Ed Kuepper chronology
| Jean Lee and the Yellow Dog (2007) | The Return of the Mail-Order Bridegroom (2014) |  |

= The Return of the Mail-Order Bridegroom =

The Return of the Mail-Order Bridegroom is a covers album by Australian guitarist and songwriter Ed Kuepper released in 2014. Recorded in three days and featuring Kuepper alone with no overdubbing, it contains reworked acoustic versions of songs by his former bands The Saints and Laughing Clowns, as well as new versions of his solo material and songs popularised by artists including Jimi Hendrix and The Walker Brothers. Apart from "No Regrets," all of the songs were selected from those he had played during a 2013 "Solo and By Request" Australian tour.

Professional ratings
Review scores
| Source | Rating |
| The Age |  |
| The Courier-Mail |  |

==Background==
Kuepper spent most of 2013 on the road, performing a series of "Solo and By Request" shows, in which he performed almost any song from his career that his audience challenged him to play. He told Tom magazine: "It wasn’t a situation where I gave people a list of two-dozen songs and said request something from that list. They could request whatever they liked." Many of the performances were taped, but Kuepper said because they were live recordings in different rooms, the sound was different on each one. "I wanted something that was more coherent, something I was actually feeling had come out of this whole process of sort of throwing myself at the mercy of the audience in a way."
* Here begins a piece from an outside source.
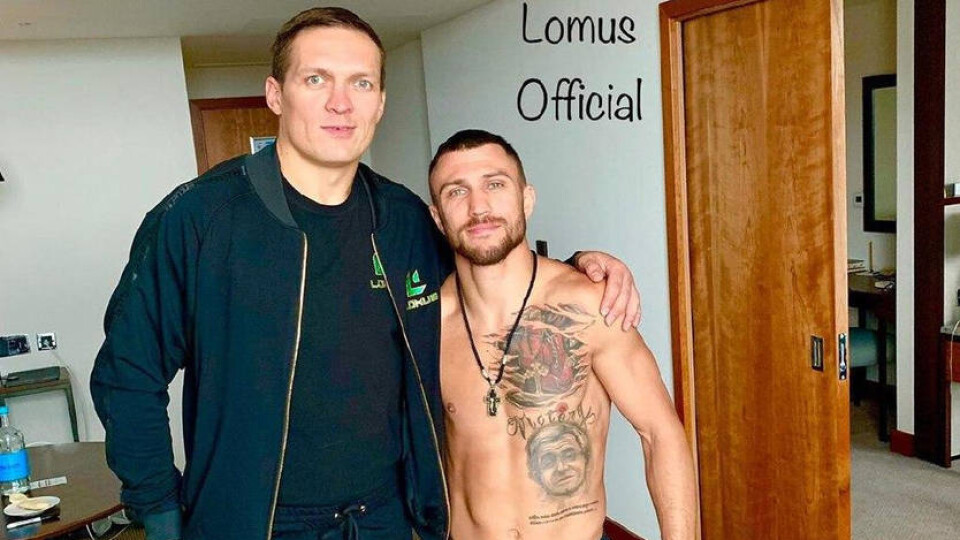 Усик і Ломаченко отямились. Один воює, інший називає українців наймогутнішими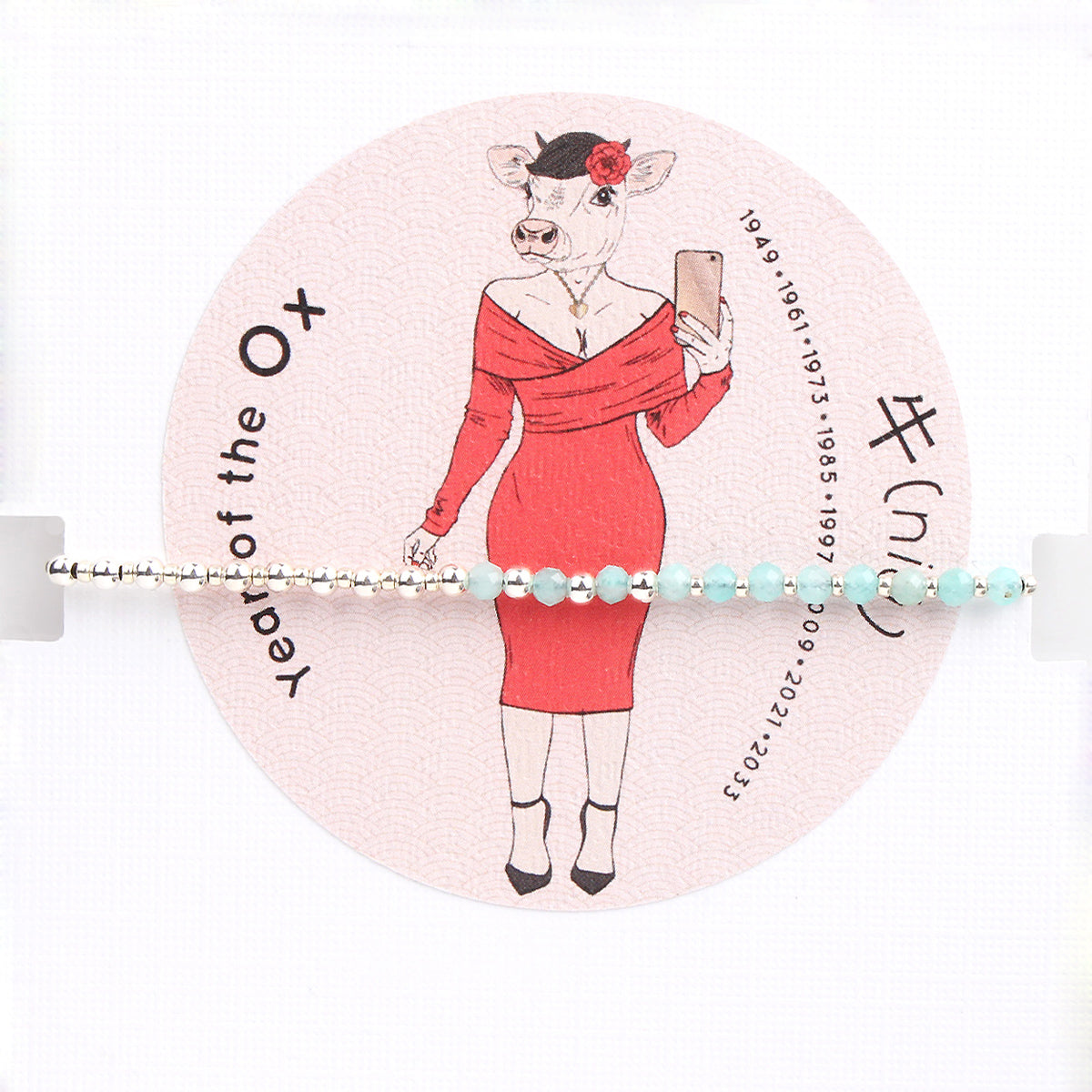 Adorn Your Wrist: Gosia Orlowska's Sterling Silver Zodiac Bracelet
"The amount of time that was required to go through and make those recordings coherent was more than I was prepared to do—I just didn’t have that much time for it," he told the Collapse Board website. "So I thought, why don’t I just book some time for a studio and go in and play some of the songs that were requested? So I did the exact same thing in the studio. I had a list of songs that had been requested a lot and did versions of them that were different to the versions of how they were originally recorded.

"The album reflects, I think, some of the diversity of what was requested. There’s some well-known songs and some relatively not-so-well-known songs. The only song on the album that wasn’t requested on the tour was "No Regrets" by Tom Rush." He said the songs were each recorded in one take without overdubs.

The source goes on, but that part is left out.